Subscription is the new sharing: The rise of the ‘membership economy’

Innovation Hub
Birchbox

Move over, sharing. There’s a new buzzword starting to attach itself to our economy: Subscription.

For a few years now, tiered subscriptions have been in vogue. Once the niche selling point of startups like Birchbox and Dollar Shave Club, the membership model is now being embraced by top sellers from Adobe to Amazon to Starbucks, allowing customers to prove their loyalty by opting in to a long-term plan.

“Customers are saying, ‘I’m willing to sign up, set it and forget it in exchange for a value accrued to me on a regular basis,” says Robbie Kellman Baxter, author of The Membership Economy.

The cultural significance of the subscription craze has been reported by Fortune and Forbes, each noticing that customers today demand more than simple one-time transactions. We want access to a vast library of ideas, information, art and highly-specific products. We want companies that will make sure we get just what we need, when we need it.

“It is a massive transformation that is changing the way organizations engage with their constituents,” notes Baxter. “It’s about a move from ownership to access, from transactional to relational.”

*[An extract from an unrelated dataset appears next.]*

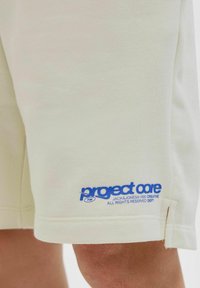 Béžové bavlnené šortky s modrým logom "project core" pri leme. Majú voľný strih a bočné rozparky na nohách pre väčšiu pohyblivosť.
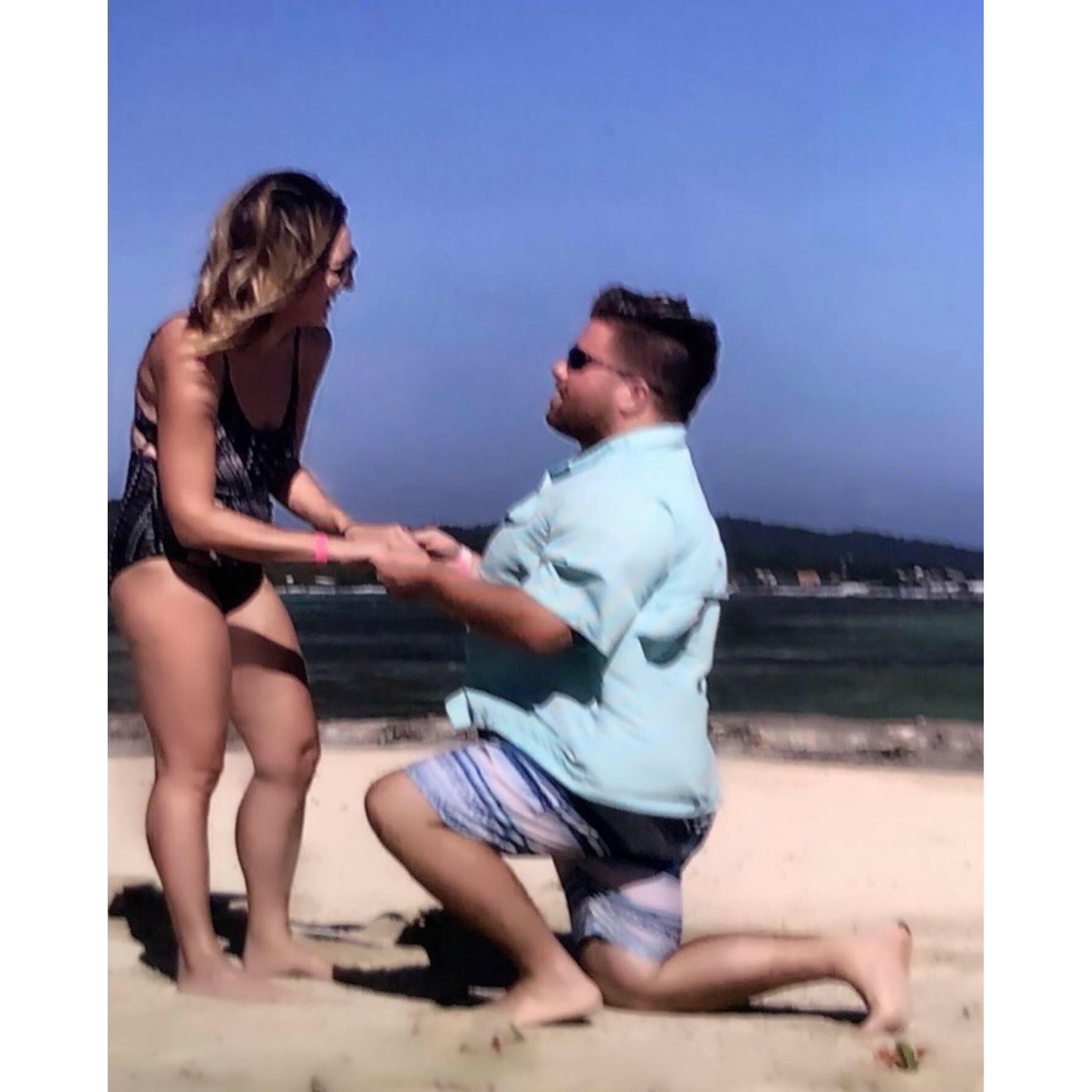 Fake proposal in the sand lol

Translation? This isn’t just a passing trend — it’s a broad, generational shift in the economy.

“Access is more important to young people than assets,” says John Warrillow, author of The Automatic Customer. He believes this decade’s drop in home ownership — to a 20-year low — indicates a mass ambivalence towards the idea of possession.

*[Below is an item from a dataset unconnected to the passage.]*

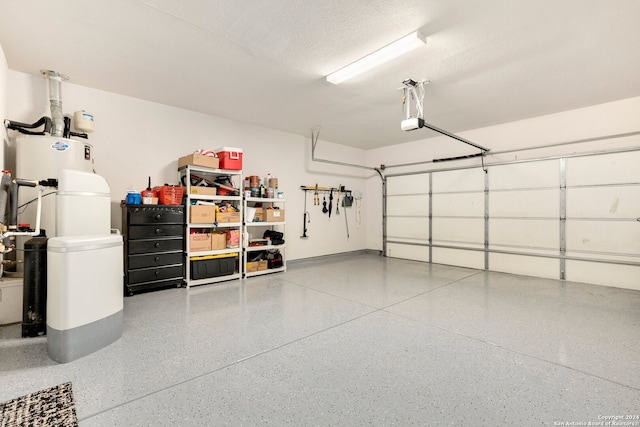 garage featuring a garage door opener and water heater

Warrillow says we’re much more conceptually attracted to brands that advertise experiences, relationships and belonging than those that simply sell a product.

“It’s a fundamental change in the way we think,” he insists.

Both Baxter and Warrillow agree that, while many people might have wanted this sort of convenience before, the subscription economy was only made possible by the explosion of apps like Uber and Airbnb. These companies, which hold onto your credit card information in exchange for being “there when you need it," helped create a virtual culture of trust (for better or for worse).

“It’s a little bit more like a marriage, where the consumer commits and the supplier says, ‘I’m going to look out for you, watch your back, and treat you right,’” says Warrillow.

Fingertip access to infinite, specialized options from one trusted source might sound like a utopian marketplace to next-gen consumers. But Baxter and Warrillow give us a few reasons to be cautious:

First, if big companies are only switching to the subscription model to keep up with the Joneses, are they really thinking through the best way to provide maximum value to their customers? (Adobe clients said ‘no way.’) Second, if we’re pushed into taking the lazy route to avoid repeated choices and transactions, do we really have as much agency as we think?

Finally, when even P&G is hopping aboard the recurring revenue train, what happens to the little guys?

Baxter and Warrillow have an answer, and it’s not pretty:

“The biggest liability is small, local businesses that cling to proximity. Those businesses are going to go away.”

A version of this story first aired as an interview on PRI's Innovation Hub.